■ What the task requires ■
The whole listing, except its pictures, is to be repeated exactly.
──────
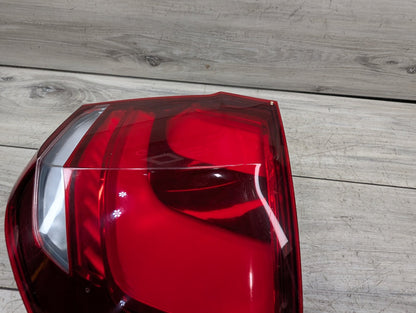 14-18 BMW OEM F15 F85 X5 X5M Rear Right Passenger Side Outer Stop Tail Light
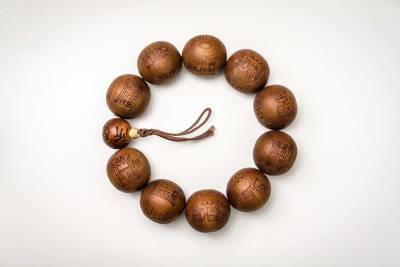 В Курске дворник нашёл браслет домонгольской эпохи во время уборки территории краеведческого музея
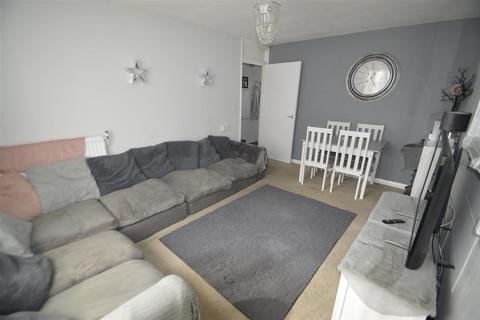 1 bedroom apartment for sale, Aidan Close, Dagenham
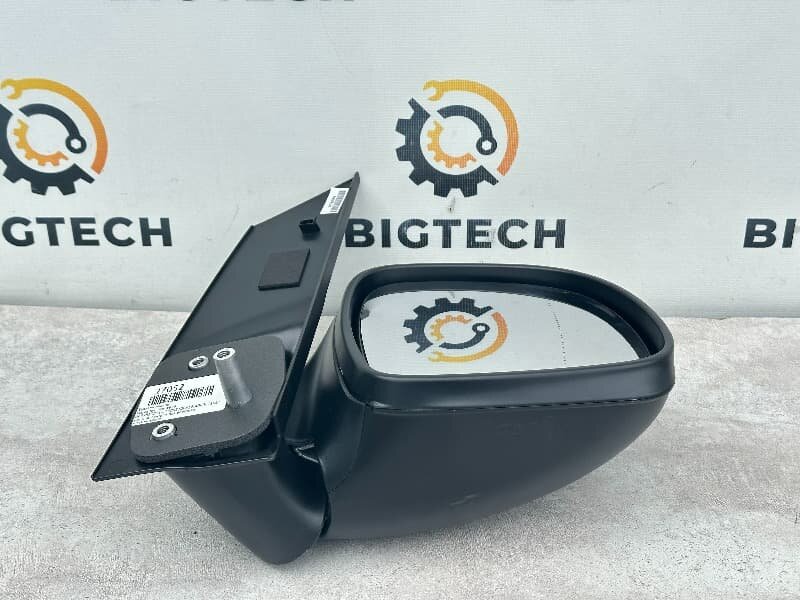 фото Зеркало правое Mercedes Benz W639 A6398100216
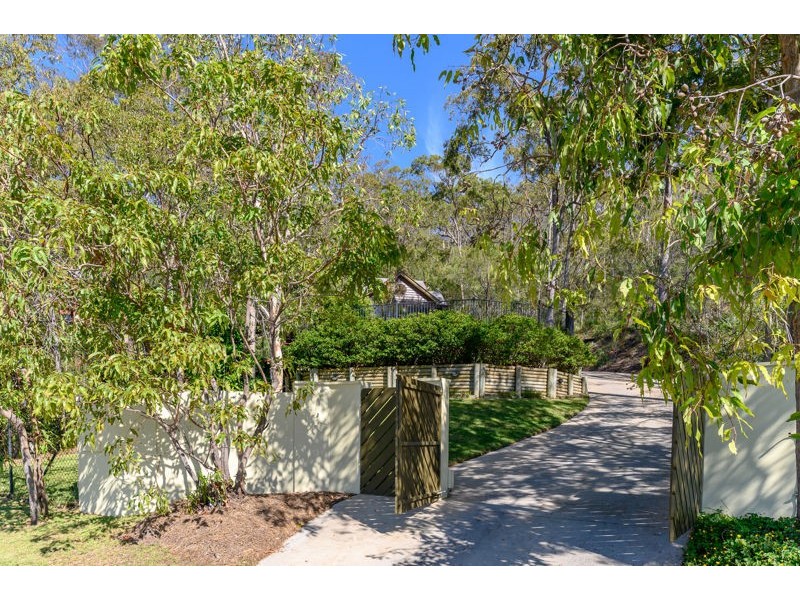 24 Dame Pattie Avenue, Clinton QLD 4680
──────
■ Answer box ■
 14-18 BMW OEM F15 F85 X5 X5M Rear Right Passenger Side Outer Stop Tail Light
 В Курске дворник нашёл браслет домонгольской эпохи во время уборки территории краеведческого музея
 1 bedroom apartment for sale, Aidan Close, Dagenham
 фото Зеркало правое Mercedes Benz W639 A6398100216
 24 Dame Pattie Avenue, Clinton QLD 4680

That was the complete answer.